> _TRY IT_
Beginning at the line that includes "Honda Jazz 1.5" in the entries below, print each line exactly as it appears, through the last one.

> _DATA TO PROCESS_
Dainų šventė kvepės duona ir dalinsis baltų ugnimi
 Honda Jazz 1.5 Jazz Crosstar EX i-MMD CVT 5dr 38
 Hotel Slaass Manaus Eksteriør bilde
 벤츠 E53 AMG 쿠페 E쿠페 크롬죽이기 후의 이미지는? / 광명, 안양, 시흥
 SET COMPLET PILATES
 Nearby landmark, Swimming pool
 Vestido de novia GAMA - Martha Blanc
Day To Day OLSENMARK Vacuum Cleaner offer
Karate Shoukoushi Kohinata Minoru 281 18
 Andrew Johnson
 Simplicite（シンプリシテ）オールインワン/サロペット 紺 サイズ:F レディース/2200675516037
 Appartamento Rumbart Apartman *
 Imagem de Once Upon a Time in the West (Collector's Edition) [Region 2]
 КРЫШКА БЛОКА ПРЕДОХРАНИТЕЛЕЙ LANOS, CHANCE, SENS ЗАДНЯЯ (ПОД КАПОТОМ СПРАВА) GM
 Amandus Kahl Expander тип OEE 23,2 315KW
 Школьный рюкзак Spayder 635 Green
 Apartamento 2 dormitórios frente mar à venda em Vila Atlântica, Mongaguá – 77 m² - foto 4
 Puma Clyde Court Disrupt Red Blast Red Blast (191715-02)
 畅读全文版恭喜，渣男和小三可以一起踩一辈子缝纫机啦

> _RESPONSE TO THE EXERCISE_
 Honda Jazz 1.5 Jazz Crosstar EX i-MMD CVT 5dr 38
 Hotel Slaass Manaus Eksteriør bilde
 벤츠 E53 AMG 쿠페 E쿠페 크롬죽이기 후의 이미지는? / 광명, 안양, 시흥
 SET COMPLET PILATES
 Nearby landmark, Swimming pool
 Vestido de novia GAMA - Martha Blanc
Day To Day OLSENMARK Vacuum Cleaner offer
Karate Shoukoushi Kohinata Minoru 281 18
 Andrew Johnson
 Simplicite（シンプリシテ）オールインワン/サロペット 紺 サイズ:F レディース/2200675516037
 Appartamento Rumbart Apartman *
 Imagem de Once Upon a Time in the West (Collector's Edition) [Region 2]
 КРЫШКА БЛОКА ПРЕДОХРАНИТЕЛЕЙ LANOS, CHANCE, SENS ЗАДНЯЯ (ПОД КАПОТОМ СПРАВА) GM
 Amandus Kahl Expander тип OEE 23,2 315KW
 Школьный рюкзак Spayder 635 Green
 Apartamento 2 dormitórios frente mar à venda em Vila Atlântica, Mongaguá – 77 m² - foto 4
 Puma Clyde Court Disrupt Red Blast Red Blast (191715-02)
 畅读全文版恭喜，渣男和小三可以一起踩一辈子缝纫机啦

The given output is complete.